The level of intellectual effort required of the student by such an exercise depends, to a large extent, on what is covered in lectures and in the course textbook. For example, suppose that the textbook describes, for each sorting algorithm under consideration, its best-, average-, and worst-case time complexities, as well as under which conditions the best and worst cases arise. Then the student need only apply this information to determine the correct matching between the algorithms and the observed execution times of the programs. While this is instructive, insofar as it may give the student a better grasp of what is meant by complexity measures such as O(n), O(n logn), and O(n2), it does not require the student to perform anything in the way of algorithm analysis.
At the opposite extreme, suppose that no information regarding the time complexities of the sorting algorithms has been presented to the student. Completing the exercise now becomes much more difficult, and is probably beyond the abilities of all but the best students (plus those who, unable to derive all the relevant complexity measures themselves, are resourceful enough to obtain them elsewhere, such as by perusing some algorithms texts at the library).
More likely than either of these extremes is the scenario in which the student has been informed of the average- and worst-case complexities of the majority (or perhaps all) of the sorting algorithms under consideration, but in which little or nothing has been revealed about their best cases. (Because the average and worst cases are regarded as more important than the best case, most textbooks ignore the latter.) In this scenario, the student's most difficult task may very well be to determine best-case complexities for two or more of the algorithms-specifically, those which, absent this information, cannot be conclusively matched to any of the observed execution times. For example, in order to distinguish between insertion sort (as described in [8]) and selection sort, their best-case complexities-O(n) and O(n2), respectively-are required, because they agree in the average and worst cases-O(n2). While this is a valuable exercise, it seems strange to focus the student's attention on best-case analysis, not only because it is less important than the other two cases, but also because best-case analysis usually requires more in the way of application-specific reasoning, and thus tends to divert the student's attention away from the basic analysis techniques that the exercise is intended to stress.
With the above points in mind, we decided to develop a laboratory/homework exercise of the kind under discussion (i.e., requiring the student to determine the correct matching between a set of given algorithms and a set of observed execution times), utilizing some problem not discussed in the textbook (or in other readily accessible books) and not to be covered in class, other than to give its definition and to illustrate it with an example. Basing the exercise on such a problem places its emphasis squarely upon the task of analyzing the given algorithms to determine their asymptotic running times, and relegates to a secondary role the subsequent (and easier) task of matching the algorithms to the observed execution times. (Assuming that each of the algorithms can be analyzed via straightforward application of the techniques covered in the course, we find this level of difficulty appropriate for CS 2.) It is worth noting that the observed execution times play an important role not only in the matching phase of the exercise, but also in the analysis phase, because they help the students to check the accuracy of their work. For example, if the student determines one of the algorithms to have complexity O(n2 logn), but none of the observed execution times conforms to this measure, the student can conclude that the analysis was probably in error and therefore should be repeated.
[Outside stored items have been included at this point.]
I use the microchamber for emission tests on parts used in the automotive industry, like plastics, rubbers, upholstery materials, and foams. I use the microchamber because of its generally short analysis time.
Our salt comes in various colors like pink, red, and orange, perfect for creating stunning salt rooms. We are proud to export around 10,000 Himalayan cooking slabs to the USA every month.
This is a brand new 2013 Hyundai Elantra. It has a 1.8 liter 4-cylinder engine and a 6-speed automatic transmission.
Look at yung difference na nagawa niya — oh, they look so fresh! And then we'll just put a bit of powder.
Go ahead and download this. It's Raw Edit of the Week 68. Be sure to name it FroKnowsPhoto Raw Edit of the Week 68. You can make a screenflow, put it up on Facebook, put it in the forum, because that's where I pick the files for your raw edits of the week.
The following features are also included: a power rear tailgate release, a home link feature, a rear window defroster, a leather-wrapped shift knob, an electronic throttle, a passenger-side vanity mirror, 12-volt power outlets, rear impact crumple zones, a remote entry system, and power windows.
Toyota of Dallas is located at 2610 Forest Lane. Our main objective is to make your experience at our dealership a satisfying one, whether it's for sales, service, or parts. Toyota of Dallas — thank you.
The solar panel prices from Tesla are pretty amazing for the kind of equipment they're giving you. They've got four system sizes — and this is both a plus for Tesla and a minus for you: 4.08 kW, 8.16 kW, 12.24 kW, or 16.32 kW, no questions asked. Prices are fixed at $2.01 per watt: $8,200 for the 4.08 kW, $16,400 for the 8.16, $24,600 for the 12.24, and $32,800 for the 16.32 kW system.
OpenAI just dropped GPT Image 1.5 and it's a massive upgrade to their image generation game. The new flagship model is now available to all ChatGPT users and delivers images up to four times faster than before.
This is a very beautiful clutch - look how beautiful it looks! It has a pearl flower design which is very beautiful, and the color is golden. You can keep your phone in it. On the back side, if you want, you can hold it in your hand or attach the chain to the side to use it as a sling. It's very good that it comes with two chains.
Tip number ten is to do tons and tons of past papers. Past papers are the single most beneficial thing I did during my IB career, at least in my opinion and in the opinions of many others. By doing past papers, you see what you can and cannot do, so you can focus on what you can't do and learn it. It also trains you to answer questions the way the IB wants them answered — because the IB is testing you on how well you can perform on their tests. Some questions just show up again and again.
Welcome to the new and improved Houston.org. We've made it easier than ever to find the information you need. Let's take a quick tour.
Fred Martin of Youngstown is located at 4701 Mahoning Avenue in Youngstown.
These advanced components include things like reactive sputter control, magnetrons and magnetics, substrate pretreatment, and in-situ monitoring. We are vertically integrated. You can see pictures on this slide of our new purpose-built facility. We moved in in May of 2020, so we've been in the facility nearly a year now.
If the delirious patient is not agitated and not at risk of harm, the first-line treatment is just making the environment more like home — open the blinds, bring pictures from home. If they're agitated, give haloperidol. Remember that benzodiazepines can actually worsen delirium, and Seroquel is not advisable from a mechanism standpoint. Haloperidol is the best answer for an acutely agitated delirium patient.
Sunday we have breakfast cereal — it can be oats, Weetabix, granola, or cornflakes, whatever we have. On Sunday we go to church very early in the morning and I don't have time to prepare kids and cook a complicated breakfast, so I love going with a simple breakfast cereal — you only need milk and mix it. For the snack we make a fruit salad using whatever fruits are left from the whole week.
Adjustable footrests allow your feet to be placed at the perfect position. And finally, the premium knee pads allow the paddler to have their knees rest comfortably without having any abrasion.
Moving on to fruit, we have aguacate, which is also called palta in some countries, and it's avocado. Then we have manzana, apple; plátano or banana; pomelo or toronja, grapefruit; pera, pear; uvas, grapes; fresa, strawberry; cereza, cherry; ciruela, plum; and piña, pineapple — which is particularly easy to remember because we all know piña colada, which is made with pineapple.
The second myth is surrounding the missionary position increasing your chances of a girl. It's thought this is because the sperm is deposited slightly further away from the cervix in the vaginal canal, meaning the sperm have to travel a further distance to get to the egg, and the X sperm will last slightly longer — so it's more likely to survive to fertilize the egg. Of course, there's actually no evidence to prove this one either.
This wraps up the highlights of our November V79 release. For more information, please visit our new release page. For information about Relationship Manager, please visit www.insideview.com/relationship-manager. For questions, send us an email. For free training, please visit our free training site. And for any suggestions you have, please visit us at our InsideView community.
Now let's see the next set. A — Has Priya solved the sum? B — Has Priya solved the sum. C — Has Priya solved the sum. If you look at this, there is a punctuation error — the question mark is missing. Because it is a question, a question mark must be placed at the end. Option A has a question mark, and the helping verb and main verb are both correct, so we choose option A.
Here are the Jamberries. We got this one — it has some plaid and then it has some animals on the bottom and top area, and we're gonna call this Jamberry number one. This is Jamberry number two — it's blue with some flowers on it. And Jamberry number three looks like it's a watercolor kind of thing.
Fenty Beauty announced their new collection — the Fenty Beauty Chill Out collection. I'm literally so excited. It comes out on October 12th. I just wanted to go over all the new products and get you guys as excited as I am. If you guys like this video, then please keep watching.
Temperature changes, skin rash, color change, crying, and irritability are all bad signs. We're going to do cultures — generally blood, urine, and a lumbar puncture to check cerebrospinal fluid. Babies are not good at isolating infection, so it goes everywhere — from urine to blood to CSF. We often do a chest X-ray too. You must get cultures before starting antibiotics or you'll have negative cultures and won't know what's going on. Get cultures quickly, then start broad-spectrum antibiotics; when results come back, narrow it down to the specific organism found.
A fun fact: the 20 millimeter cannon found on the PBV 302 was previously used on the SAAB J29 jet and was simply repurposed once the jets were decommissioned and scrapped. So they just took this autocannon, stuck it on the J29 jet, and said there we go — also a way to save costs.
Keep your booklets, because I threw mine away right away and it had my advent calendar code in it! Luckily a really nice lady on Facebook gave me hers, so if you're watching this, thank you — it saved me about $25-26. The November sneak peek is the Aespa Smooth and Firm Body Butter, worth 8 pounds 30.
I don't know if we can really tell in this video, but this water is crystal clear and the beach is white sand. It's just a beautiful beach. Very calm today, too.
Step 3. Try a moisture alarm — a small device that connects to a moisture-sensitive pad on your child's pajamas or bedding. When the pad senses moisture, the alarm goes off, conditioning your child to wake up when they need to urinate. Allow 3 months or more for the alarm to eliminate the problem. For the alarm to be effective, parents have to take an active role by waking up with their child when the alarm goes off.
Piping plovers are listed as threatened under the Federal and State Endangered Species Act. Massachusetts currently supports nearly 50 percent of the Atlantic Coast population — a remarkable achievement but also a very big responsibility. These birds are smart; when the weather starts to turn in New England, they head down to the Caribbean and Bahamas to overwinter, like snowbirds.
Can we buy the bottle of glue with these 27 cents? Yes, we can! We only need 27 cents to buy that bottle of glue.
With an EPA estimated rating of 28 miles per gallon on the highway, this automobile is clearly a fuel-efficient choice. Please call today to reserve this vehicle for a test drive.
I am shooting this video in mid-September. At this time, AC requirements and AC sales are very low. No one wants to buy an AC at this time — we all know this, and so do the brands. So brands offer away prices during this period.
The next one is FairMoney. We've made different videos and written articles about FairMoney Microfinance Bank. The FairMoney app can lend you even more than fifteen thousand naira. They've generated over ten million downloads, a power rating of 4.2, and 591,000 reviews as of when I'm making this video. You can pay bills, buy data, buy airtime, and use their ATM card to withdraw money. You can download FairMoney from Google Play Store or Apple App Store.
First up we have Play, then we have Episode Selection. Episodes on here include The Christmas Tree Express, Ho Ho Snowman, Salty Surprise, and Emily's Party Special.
It turns out that the maximum segment sum problem, which is defined in the next section, serves our purposes very nicely. Like sorting, it is an easy-to-comprehend problem for which there exist several simple algorithmic solutions of various time complexities. Furthermore, one of these solutions is most appropriately expressed using recursion, which means that the exercise can be used for giving students practice in analyzing both iterative and recursive algorithms.
Unlike sorting, the maximum segment sum problem does not appear widely in the literature; in particular, it is not found in many freshman- or sophomore-level computer science texts. (There are exceptions, of course, including [3] and [8].) Thus, in order for the students to ascertain the complexities of the given algorithms, they will most likely have to perform the analyses themselves, which is just what we want.
Another departure from sorting is this: among the algorithms for maximum segment sum that we know about, none differs (asymptotically) between its best-case and worst-case running times. Although this precludes what could be some interesting analysis work for the student, we prefer it this way, because it allows the student to concentrate on one issue: determining the worst-case complexity of each algorithm. (Besides, how many CS 2 students are prepared to perform an average-case analysis on an algorithm whose best- and worst-case running times do not agree?)
The above explains why we like to use the maximum segment sum problem, rather than sorting, as the basis for an exercise whose intended emphasis is algorithm analysis. In what remains, we give a precise definition of this problem, describe the essential details of our lab/homework exercise, and briefly discuss the algorithms it utilizes.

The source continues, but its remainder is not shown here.